Three Tips On How To Get Paid What You Are Worth For Gigs

I often hear musicians talk about the amount of money certain gigs pay. People chat about the tip jar having to be passed around because club owners pay so little. They might get paid a few dollars here and there for the gig,  but hey, at least they get a meal out of it. They complain about how hard it is to make a living and how tough it is. While some of those things may be true, it’s not always the reality for musicians. There is money to be made in the music business. The tip jar isn’t required if you get paid well. There is a lot of money out there. As a freelance musician, you just have to know where to find it and how to negotiate for the most money you can make.

I love the art of negotiation. I think it’s fun. I love going into a car dealership and hassling with the salesperson. It’s like a game to me. I tend to do it almost wherever I go to see how far I can push people in any business. I was in the market for a car a few years ago and went to a couple of dealers just to see how things have changed since my last purchase. I wasn’t necessarily in a position of power because I  needed a car, and they had the goods. The way I looked at it was like this; I was willing to walk away if I didn’t find what I wanted. In fact, that is what happened in the end. I walked away from the dealers and I found a car from a private seller and purchased a used car with cash.

When dealing with musicians, business owners or any kind of production where they need your services, always keep in mind that if they are reaching out to employ you, they want what you have to offer. While you may not have much leverage, you still have power. You must realize that there is a way for the both of you to win in this game. You just have to know what some of the rules are.

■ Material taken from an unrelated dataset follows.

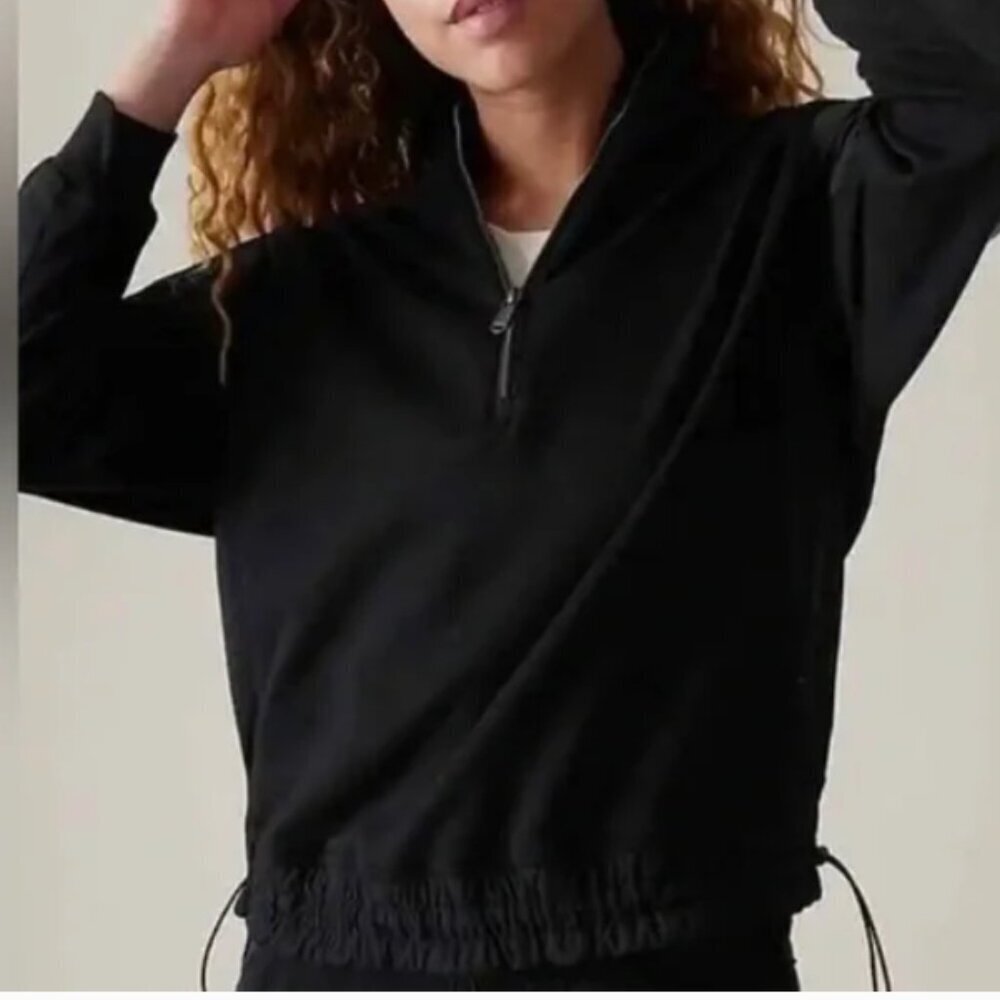 ATHLETA Triymph Hybrid Half Zip Sweater Black Size Medium
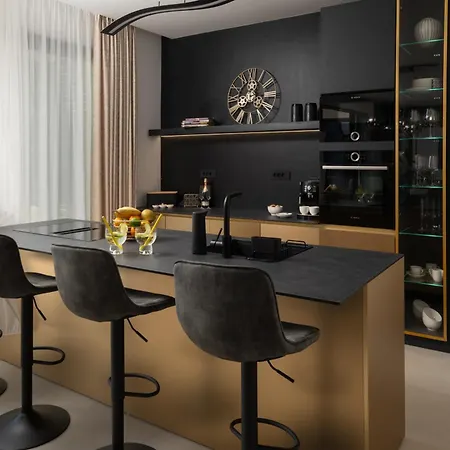 Villa Santa With Heated Pool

1) People want to make a profit:

Whatever someone is intending to pay you, you must understand they are making money from your services in one way or another. They are trying to pay you as little as they can so that their profit margin can be as wide as possible. Don’t feel bad asking for as much as you can because there is more often than not, wiggle room to play with. The person offering you a gig has a budget and they are trying to keep their expenses low. With this knowledge, you can go into any deal making process with less of a personal connection because it is all about money in the long run. Once you take any personal feelings out of the equation, you can get down to the business of increasing your profits while they are trying to do the same. In the end hopefully you find a way to help each other achieve similar goals without anyone feeling abused and/or taken advantage of. Look for a win-win scenario.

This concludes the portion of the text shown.